After that, the US-China trade war heated up and both countries imposed the additional tariffs of over 100%. But the US and China agreed to suspend the start of the tariffs for 90 days at the meeting in May 2025. In October, they agreed to suspend the implementation of the tariffs for another year. The situation temporarily settled down.
But the US-China trade is not completely resolved. As of the end of 2025, the US and China are imposing tariffs on each other. China still imposes a 10% tariff on LPG from the US. The US-China trade might reignite anytime and the situation remains unstable.
Therefore, Chinese importers are avoiding importing LPG from the US. As of September 2025, the ratio of US LPG declined to around 25% of its total imports. Instead, China increased imports from Canada and Australia as well as the Middle East.

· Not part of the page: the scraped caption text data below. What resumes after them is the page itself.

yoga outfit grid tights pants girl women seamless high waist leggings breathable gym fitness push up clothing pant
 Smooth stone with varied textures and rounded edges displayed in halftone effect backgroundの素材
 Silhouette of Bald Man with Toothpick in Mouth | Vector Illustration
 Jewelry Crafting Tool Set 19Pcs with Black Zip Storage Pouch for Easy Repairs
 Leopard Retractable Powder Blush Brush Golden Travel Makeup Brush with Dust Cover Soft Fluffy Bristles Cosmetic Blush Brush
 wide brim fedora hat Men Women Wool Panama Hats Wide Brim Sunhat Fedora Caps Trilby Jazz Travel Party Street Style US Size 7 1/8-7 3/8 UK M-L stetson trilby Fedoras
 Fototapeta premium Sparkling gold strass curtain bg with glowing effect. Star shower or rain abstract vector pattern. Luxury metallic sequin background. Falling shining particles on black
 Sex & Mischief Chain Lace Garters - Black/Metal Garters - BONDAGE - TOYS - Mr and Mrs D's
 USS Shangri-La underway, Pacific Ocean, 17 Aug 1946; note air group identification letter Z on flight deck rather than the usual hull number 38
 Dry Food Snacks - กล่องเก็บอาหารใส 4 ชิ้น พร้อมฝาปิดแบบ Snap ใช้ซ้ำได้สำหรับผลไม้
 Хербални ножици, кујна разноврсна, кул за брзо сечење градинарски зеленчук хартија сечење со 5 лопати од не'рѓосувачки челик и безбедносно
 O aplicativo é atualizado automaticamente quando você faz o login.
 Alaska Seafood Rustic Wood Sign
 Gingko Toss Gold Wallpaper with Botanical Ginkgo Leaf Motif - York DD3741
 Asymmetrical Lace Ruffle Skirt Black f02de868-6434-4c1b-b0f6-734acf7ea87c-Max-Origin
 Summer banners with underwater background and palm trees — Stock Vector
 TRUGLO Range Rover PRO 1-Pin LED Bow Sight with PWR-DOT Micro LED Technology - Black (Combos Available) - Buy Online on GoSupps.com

On the other hand, as China decreased imports from the US, US exporters are trying to find new customers in Asia.
LPG from Houston, Texas in the US is transported on the westbound route to the Far East including Japan and China via the Panama Canal, or on the eastbound route to Europe, South Asia and Southeast Asia via the Cape of Good Hope in Africa without passing through the Panama Canal.
With LPG exports on the westbound route via the Panama Canal decreasing, US exporters are trying to increase exports to South Asia and Southeast Asia on the eastbound route. The next target is India, which is the second-largest LPG importer after China.
Due to pressure from the US, India decided to import around 2.00mil mt of LPG from the US in fiscal year 2026.In this situation, three Indian state-run importers decided to procure US LPG from Chevron, Phillips 66 and TotalEnergies. US exporters plan to intensity LPG supply capacity from 2026 and are likely to offer to India actively.
Middel East gas producing counties are wary of the situation. LPG imports from the Middel East including the United Arab Emirates (UAE), Qatar, Saudi Arabia and Kuwait account for more than 90% of total LPG imports in India. Some Middle East gas producing countries are nervus about sales promotion to India by the US.
Saudi Aramco set the CP, contract price to term customers in Asia, at $495 for propane and at $485 for butane for December 2025. These prices rose from the previous month but are well below $635 for propane and $630 for butane in December 2024. This shows its intention to compete with the US. In 2026, sales competition between the Middle East and the US might heighten in Asia, where demand is forecast to grow.